Beto

Personal information
- Full name: Gilberto Galdino dos Santos
- Date of birth: 20 November 1976 (age 48)
- Place of birth: Carpina, Brazil
- Height: 1.77 m (5 ft 9+1⁄2 in)
- Position(s): Midfielder

Youth career
- 1984–1994: Grêmio Petribu

Senior career*
- Years: Team / Apps / (Gls)
- 1995: Grêmio Petribu
- 1996: Limoeirense
- 1997–1998: Recife
- 1998: San Lorenzo
- 1999: Rampla Juniors
- 1999–2000: Recife
- 2000–2004: Paços Ferreira / 119 / (4)
- 2004–2005: Beira-Mar / 31 / (6)
- 2005–2007: Benfica / 30 / (0)
- 2007–2008: Sion / 32 / (2)
- 2008–2012: Ergotelis / 90 / (4)
- 2013: Ypiranga–PE
- Total:  / 302 / (16)

= Beto (footballer, born November 1976) =

Brazilian footballer

Gilberto Galdino dos Santos (born 20 November 1976), known as Beto, is a Brazilian retired professional footballer who played as a defensive midfielder.

He also held a Portuguese passport due to having spent many years in the country, where he even represented, amongst other teams, Benfica. Over the course of seven seasons, he amassed Primeira Liga totals of 180 games and ten goals.

==Club career==
Born in Carpina, Pernambuco, Beto started his professional career in 1998, having unassuming stints in Argentina and Uruguay. After five years in Portugal with mid-to-bottom table Primeira Liga clubs F.C. Paços de Ferreira and S.C. Beira-Mar, excelling especially in the latter by scoring a career-best six goals in the 2004–05 season even though the Aveiro side ranked last, he signed a three-year contract with S.L. Benfica in early June 2005.
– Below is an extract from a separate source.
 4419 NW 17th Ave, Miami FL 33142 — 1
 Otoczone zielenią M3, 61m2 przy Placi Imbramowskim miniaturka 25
Despite not being a fans' favourite, Beto was often cast in the first team by manager Ronald Koeman. He appeared in 24 league games in his first year, playing the full 90 minutes in half of those. His greatest moment at the Estádio da Luz happened on 7 December 2005 when they defeated Manchester United 2–1 in Lisbon in a UEFA Champions League group stage fixture, sealing the passage to the round of 16 stage – he scored the decider at the 34th-minute mark, netting from outside the area.

Beto's second campaign in Benfica was less notable: with the departure of Koeman and the arrival of manager Fernando Santos and player Kostas Katsouranis (who played in his position), he was relegated to the substitutes bench, playing only six matches in that condition. Thus, he signed a three-year deal with FC Sion from the Swiss Super League on 11 June 2007.

Beto left Sion on 8 December 2008 and, earlier the following month, joined Greek club Ergotelis F.C. for one year. He left on 8 May 2012, aged nearly 36.